(Given data)
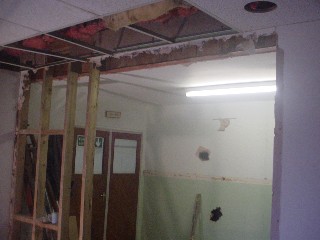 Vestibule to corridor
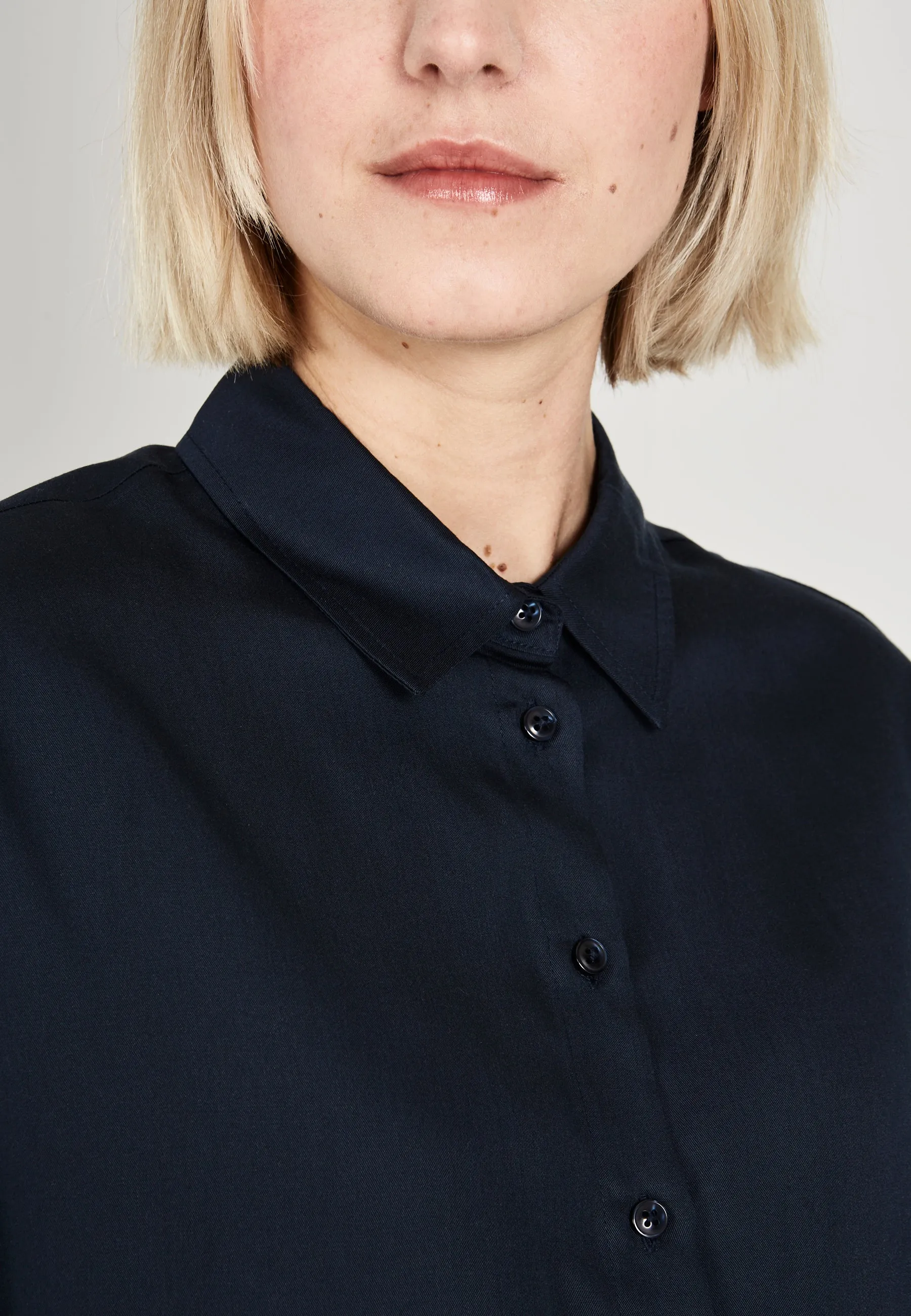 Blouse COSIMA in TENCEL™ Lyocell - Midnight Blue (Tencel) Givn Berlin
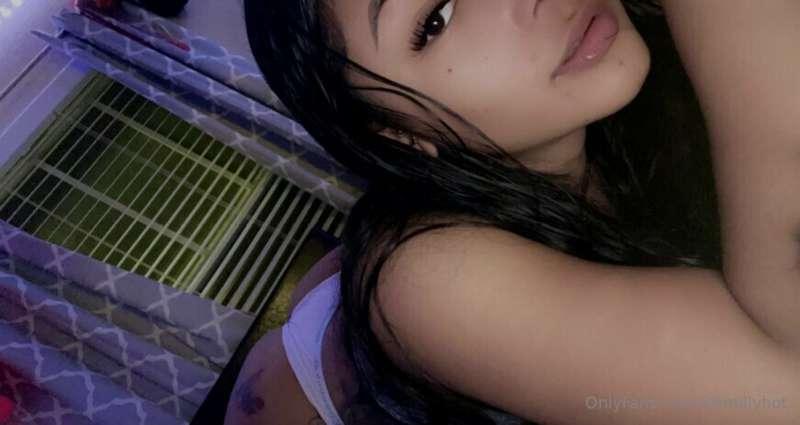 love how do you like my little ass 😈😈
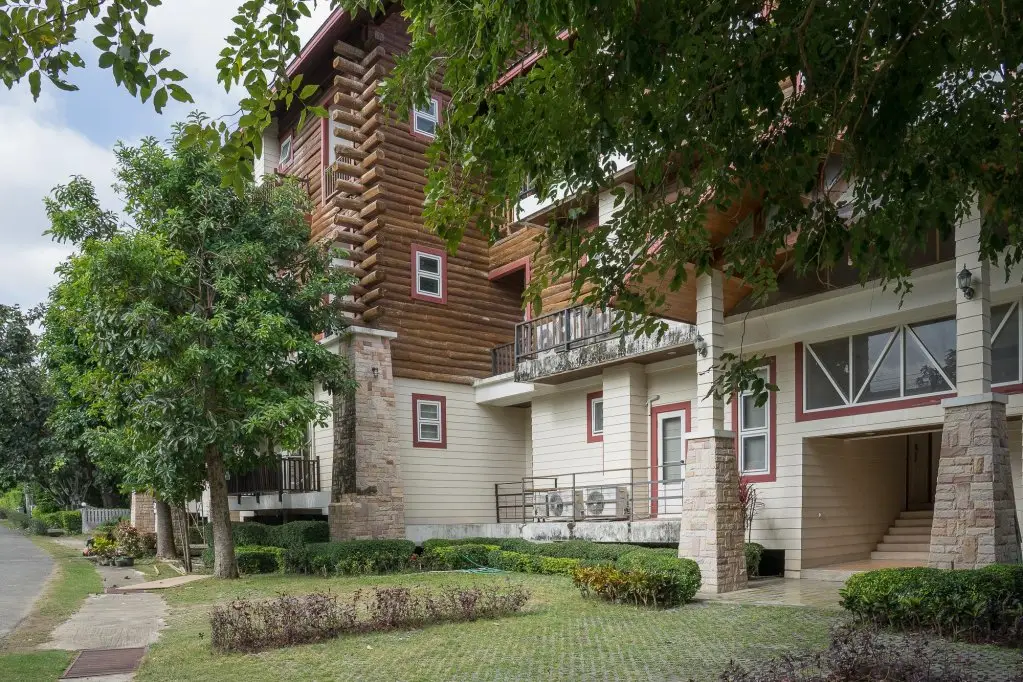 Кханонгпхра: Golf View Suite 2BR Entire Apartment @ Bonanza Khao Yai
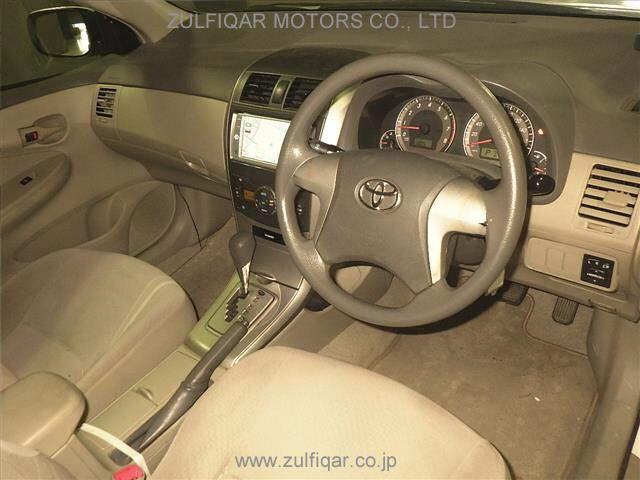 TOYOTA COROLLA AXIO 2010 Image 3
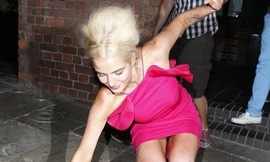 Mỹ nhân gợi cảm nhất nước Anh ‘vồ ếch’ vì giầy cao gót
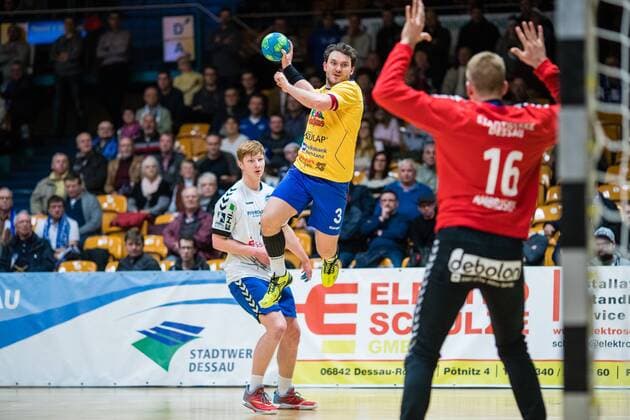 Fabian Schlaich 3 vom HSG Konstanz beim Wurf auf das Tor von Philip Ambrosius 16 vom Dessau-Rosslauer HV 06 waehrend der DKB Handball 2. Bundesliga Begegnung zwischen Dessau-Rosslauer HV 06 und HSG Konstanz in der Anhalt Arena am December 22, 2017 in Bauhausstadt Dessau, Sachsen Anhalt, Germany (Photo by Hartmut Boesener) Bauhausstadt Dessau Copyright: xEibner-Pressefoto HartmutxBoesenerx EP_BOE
(End Given data)
Your copy should match the data above exactly, apart from the pictures.

 Vestibule to corridor
 Blouse COSIMA in TENCEL™ Lyocell - Midnight Blue (Tencel) Givn Berlin
 love how do you like my little ass 😈😈
 Кханонгпхра: Golf View Suite 2BR Entire Apartment @ Bonanza Khao Yai
 TOYOTA COROLLA AXIO 2010 Image 3
 Mỹ nhân gợi cảm nhất nước Anh ‘vồ ếch’ vì giầy cao gót
 Fabian Schlaich 3 vom HSG Konstanz beim Wurf auf das Tor von Philip Ambrosius 16 vom Dessau-Rosslauer HV 06 waehrend der DKB Handball 2. Bundesliga Begegnung zwischen Dessau-Rosslauer HV 06 und HSG Konstanz in der Anhalt Arena am December 22, 2017 in Bauhausstadt Dessau, Sachsen Anhalt, Germany (Photo by Hartmut Boesener) Bauhausstadt Dessau Copyright: xEibner-Pressefoto HartmutxBoesenerx EP_BOE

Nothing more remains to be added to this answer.